▶ How to complete this task
In the material below, find the span from the line with "Item preview, Retro" to the line with "njoy Stainless Steel" and transcribe only those lines, exactly, ends included, without the pictures.

▶ Source material
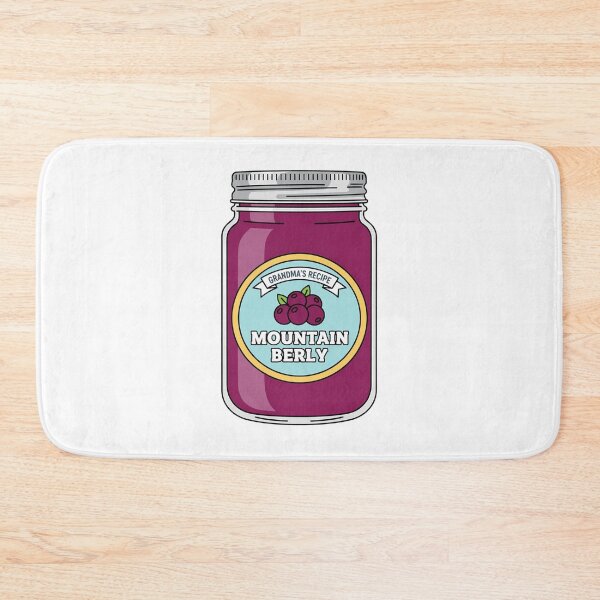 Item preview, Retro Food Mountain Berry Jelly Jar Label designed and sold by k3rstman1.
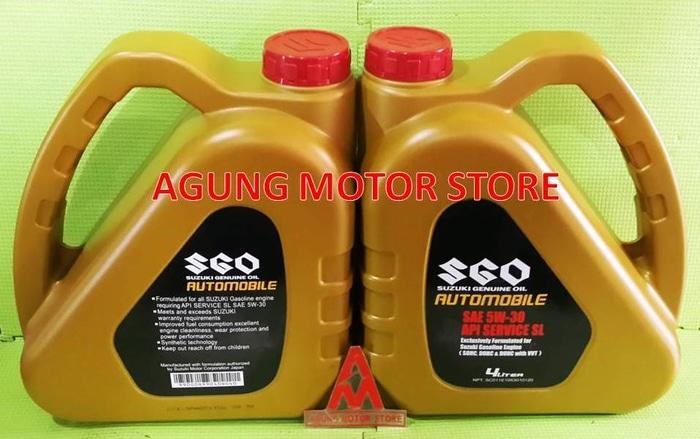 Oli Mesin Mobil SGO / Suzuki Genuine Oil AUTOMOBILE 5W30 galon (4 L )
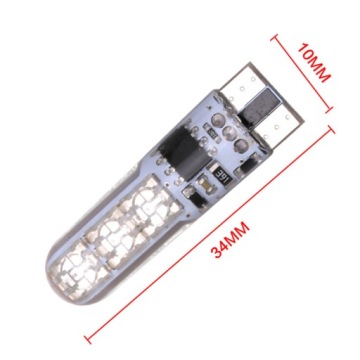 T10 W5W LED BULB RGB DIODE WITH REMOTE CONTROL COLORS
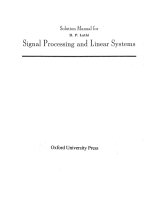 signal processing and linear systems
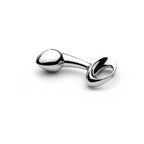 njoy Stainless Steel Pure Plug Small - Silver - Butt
--
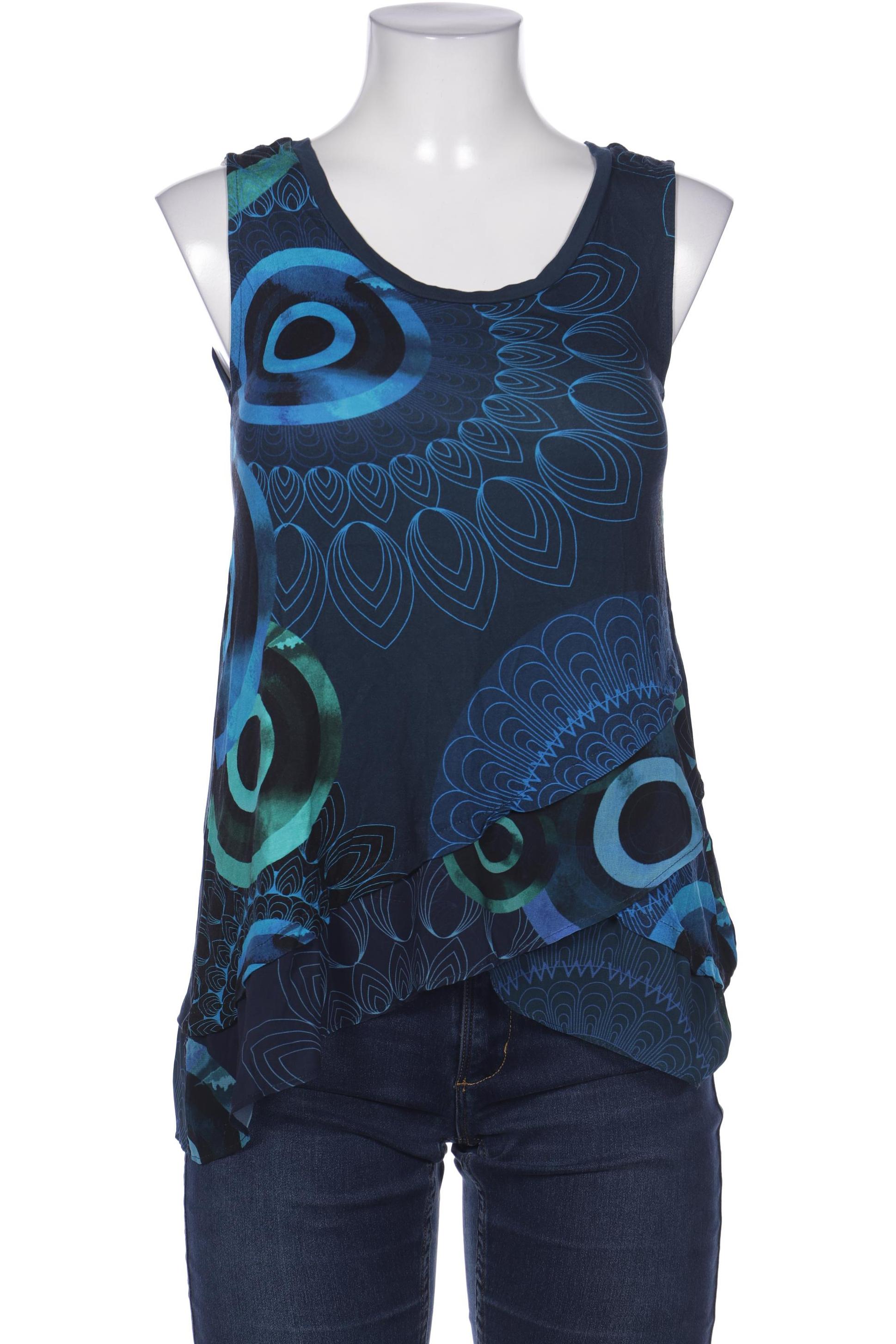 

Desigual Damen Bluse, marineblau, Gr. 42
==
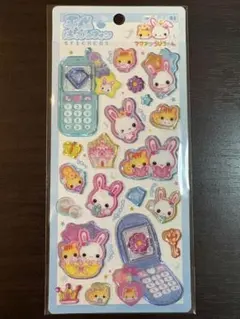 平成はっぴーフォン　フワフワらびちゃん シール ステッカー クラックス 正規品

▶ Final answer
 Item preview, Retro Food Mountain Berry Jelly Jar Label designed and sold by k3rstman1.
 Oli Mesin Mobil SGO / Suzuki Genuine Oil AUTOMOBILE 5W30 galon (4 L )
 T10 W5W LED BULB RGB DIODE WITH REMOTE CONTROL COLORS
 signal processing and linear systems
 njoy Stainless Steel Pure Plug Small - Silver - Butt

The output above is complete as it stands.